Dimension	Senior bar	Staff bar
Data-plane performance	Knows the proxy is on the hot path; reports added p99	Attributes every ms/alloc with pprof, fixes the top bottleneck, defends the tax table
Connection management	Pools & keeps alive; proves reuse	Tunes pool vs. upstream capacity, bulkheads per upstream, no fd leak under soak
Resilience	Wires breaker + timeouts per upstream	Proves blast-radius containment and kills the retry storm with budget + idempotency
Auth at the edge	Verifies JWT + caches JWKS	Handles rotation with single-flight + stale-while-revalidate, no IdP herd, defends the trust boundary
Operability	Hot-reload + graceful shutdown work	Zero dropped requests on reload/shutdown/rolling-replica, proven under load
Observability	RED metrics + request ID + access logs	End-to-end trace propagation; can debug a cross-service latency spike from the gateway's signals
Communication	Clear findings note + tax table	Could defend every curve and the retry/breaker policy to a staff panel

15. References¶

Theory bank: Interview Question/10-api-design/ (gateway responsibilities, BFF, versioning, idempotency keys), Interview Question/09-networking-fundamentals/ (keep-alive, HTTP/2, connection pooling, the round-trip cost), Interview Question/22-scalability-and-high-availability/ (load balancing, resilience patterns, graceful degradation), Interview Question/16-security/ (JWT/JWKS, trust boundaries), and Interview Question/18-observability/ (RED metrics, trace propagation). §14 (system design) has a dedicated API gateway topic.

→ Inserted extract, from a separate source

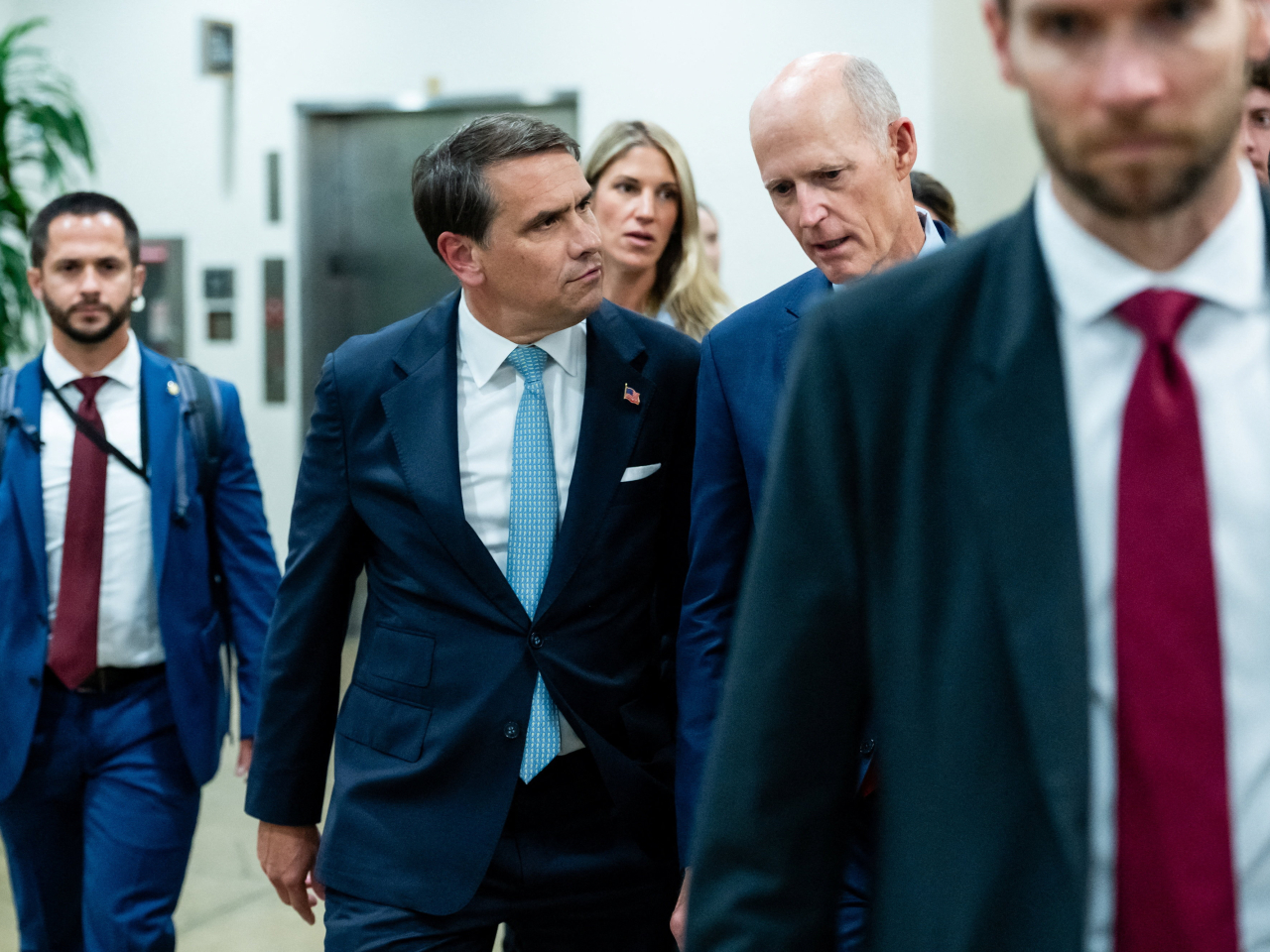 Todd Blanche listens to Rick Scott while lobbying senators to approve his nomination to be the attorney general. Photo: Reuters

Sibling briefs (compose, don't duplicate): resilience/01-rate-limit-algorithm-bake-off, senior/02-distributed-rate-limiter, resilience/03-circuit-breaker-bulkhead-timeout, resilience/02-adaptive-concurrency-and-load-shedding, resilience/04-hierarchical-multitenant-quotas.
net/http/httputil.ReverseProxy (Director/Rewrite, ModifyResponse, ErrorHandler), http.Transport tuning (idle conns, HTTP/2), golang.org/x/sync/singleflight (JWKS refresh), sync/atomic (atomic.Pointer for config hot-swap).
W3C Trace Context (traceparent), RFC 9110 (Retry-After, hop-by-hop headers), RFC 7517 (JWK/JWKS), the IETF RateLimit-* draft.